Task to carry out —
Print each record that follows exactly, leaving the pictures behind.
----- Data for analysis
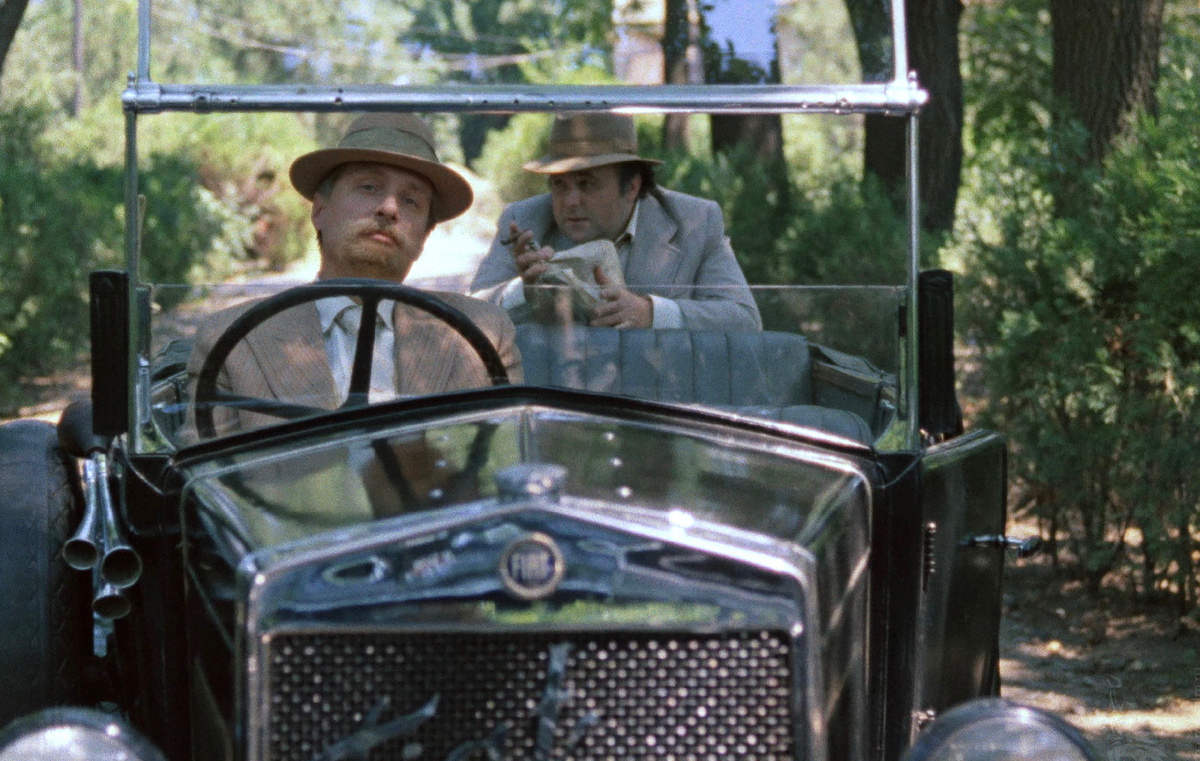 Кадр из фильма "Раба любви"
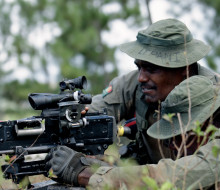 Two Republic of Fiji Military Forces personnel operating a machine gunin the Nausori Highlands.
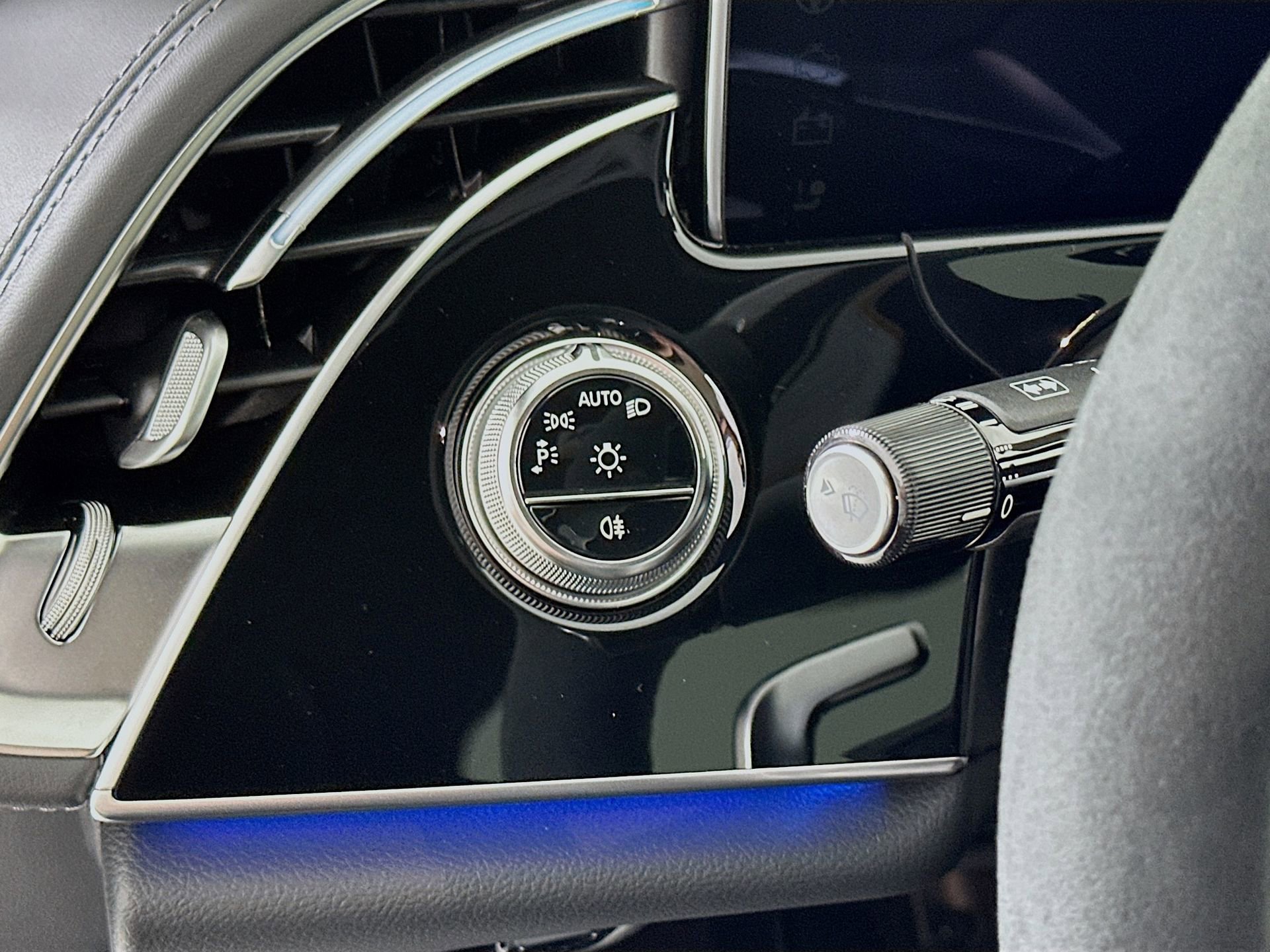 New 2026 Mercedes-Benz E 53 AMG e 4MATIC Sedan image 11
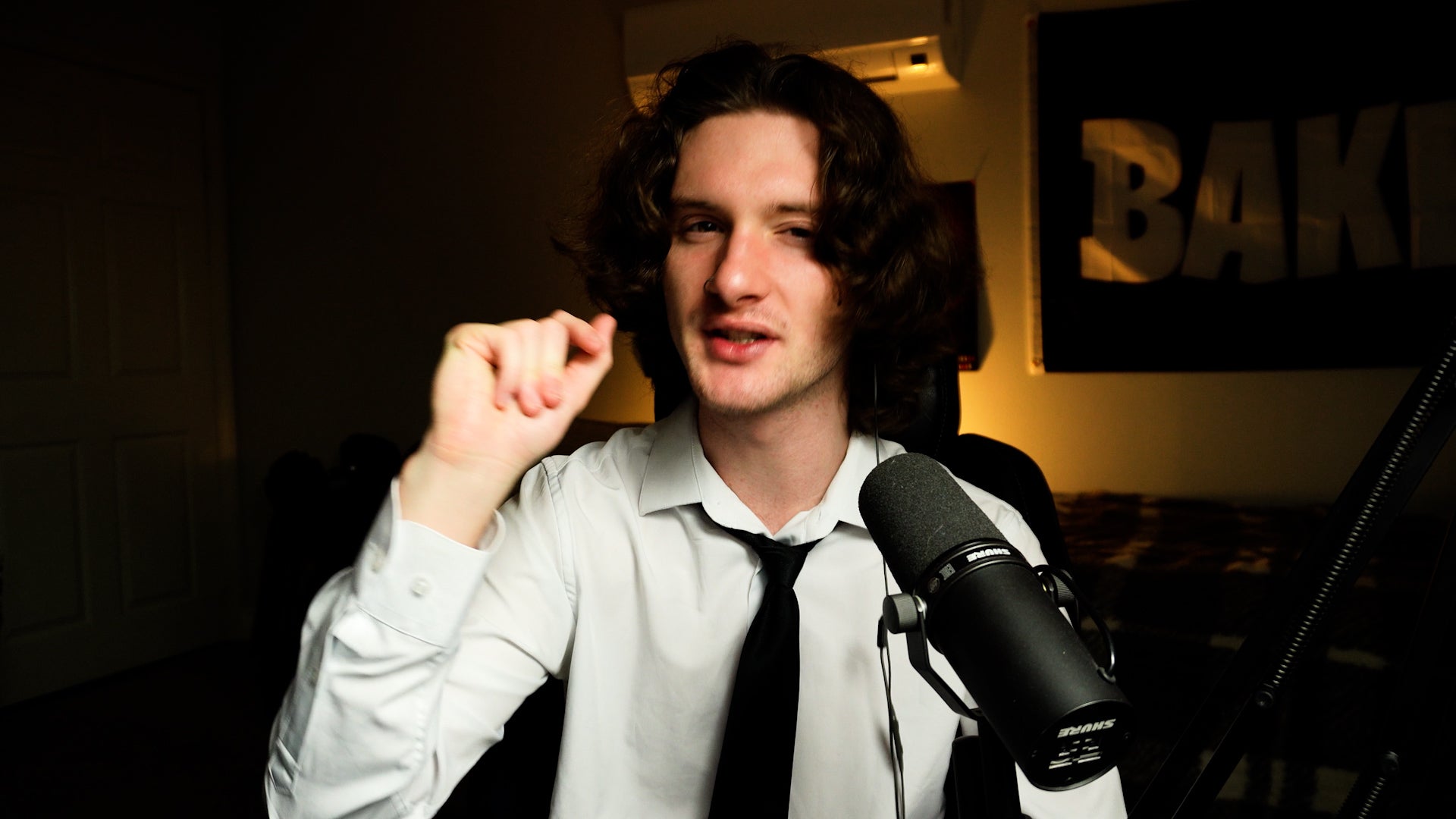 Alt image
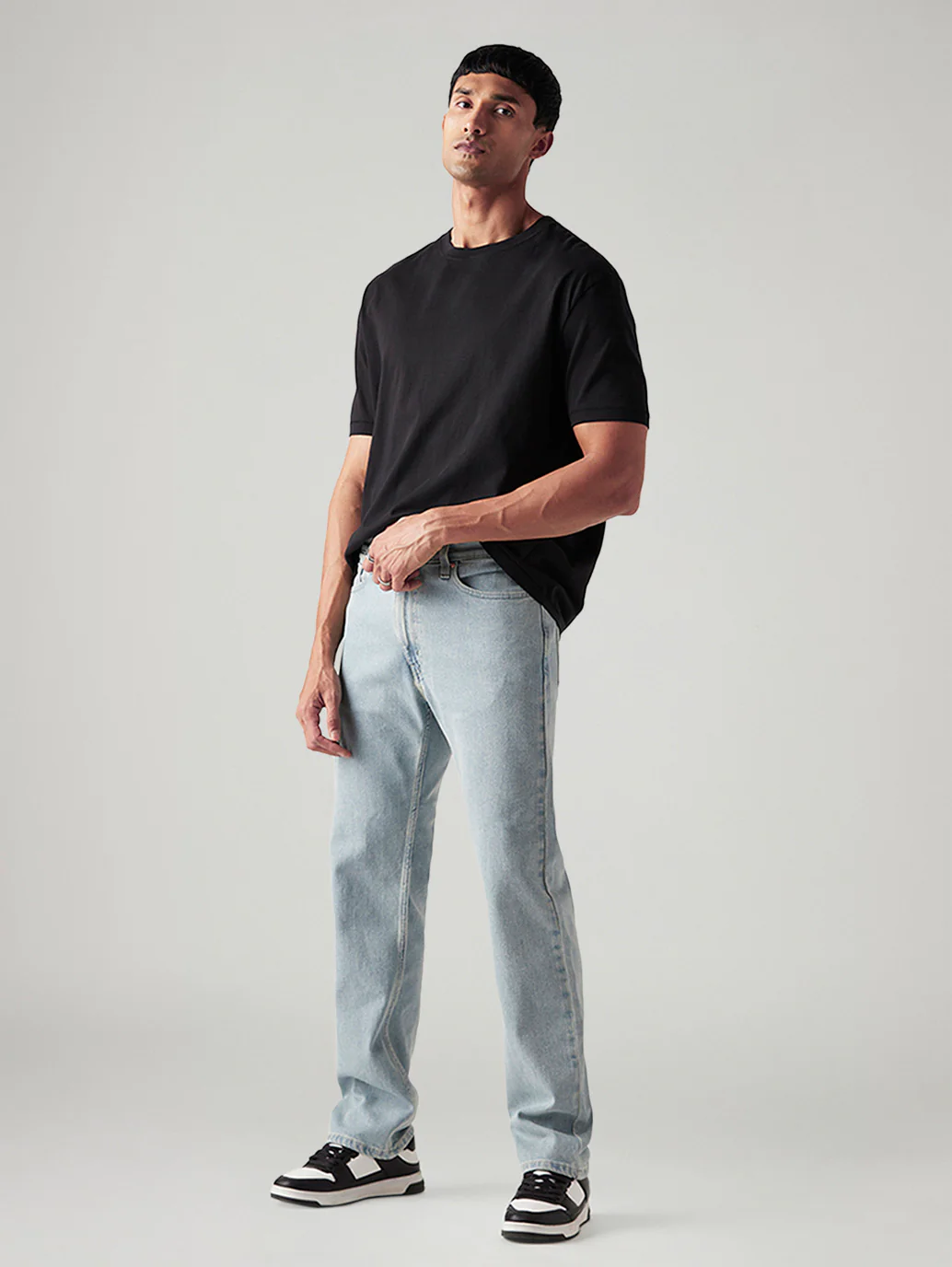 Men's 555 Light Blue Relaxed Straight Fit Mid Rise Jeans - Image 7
----------
Response area —
 Кадр из фильма "Раба любви"
 Two Republic of Fiji Military Forces personnel operating a machine gunin the Nausori Highlands.
 New 2026 Mercedes-Benz E 53 AMG e 4MATIC Sedan image 11
 Alt image
 Men's 555 Light Blue Relaxed Straight Fit Mid Rise Jeans - Image 7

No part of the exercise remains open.